Early Hooded Anti-Cathode Tube
Ref. B26
This early cold cathode X-ray tube, bears no maker’s name, but figures in an advertisement by Emil Gundelach, dating to 1910 (E.R.N. Grigg : The Trail of the Invisible Light, p 479, Charles C. Thomas, 1965). The tube dating probably to the first decade, is 23” (58 cm) long with a 7” (18 cm) bulb. The regeneration device is in the small secondary chamber, consisting of concentric semiconductor cylinders, separated by a dielectric material (see X-ray picture above), and connectable, at will, to the cathode and anti-cathode of the tube. This type of regeneration is usually described as the “condenser type”, introduced by Gundelach.
The anode is a small aluminium rod, and the aluminium cathode is of the typical concave type. But the rare and most interesting feature of this tube is the anti-cathode of the heavy type where the target, probably of platinum foil, is of large size, slightly convex, and enclosed inside a large aluminium hood fixed to a ferrous-looking, tube-like and slightly rusty stem. This “hood” was probably intended for a better concentration on the centre of the target of the electron flow coming from the cathode, while providing protection from off-focal radiation. However, this hooded anti-cathode fits perfectly the description of what came to be known a few years later as the “hooded anode”.

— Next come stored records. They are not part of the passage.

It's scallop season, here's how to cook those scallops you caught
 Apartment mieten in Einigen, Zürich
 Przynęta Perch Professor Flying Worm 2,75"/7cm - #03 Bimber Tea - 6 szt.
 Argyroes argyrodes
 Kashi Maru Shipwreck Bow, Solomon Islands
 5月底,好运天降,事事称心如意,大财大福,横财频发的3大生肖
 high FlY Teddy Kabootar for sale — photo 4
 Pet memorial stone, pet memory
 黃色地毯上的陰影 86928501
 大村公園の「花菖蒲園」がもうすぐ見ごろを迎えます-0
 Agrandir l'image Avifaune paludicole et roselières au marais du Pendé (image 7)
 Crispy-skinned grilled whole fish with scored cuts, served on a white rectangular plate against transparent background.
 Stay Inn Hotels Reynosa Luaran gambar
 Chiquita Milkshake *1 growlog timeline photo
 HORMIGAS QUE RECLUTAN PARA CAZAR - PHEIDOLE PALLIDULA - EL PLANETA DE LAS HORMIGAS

With the exception of the Chabaud Tube (1905-1906) which had a hooded anode (anti-cathode), and probably some rare other tubes, as the one shown above, the “hooded anode” stayed practically unknown until it was introduced (or re-invented) by W.D.Coolidge in 1915 after the introduction of the Coolidge type tubes. (Grigg : The Trail of the Invisible Light, pp 79 and 129, Charles C. Thomas, 1965). It was not commonly adopted by the tube industry before the thirties.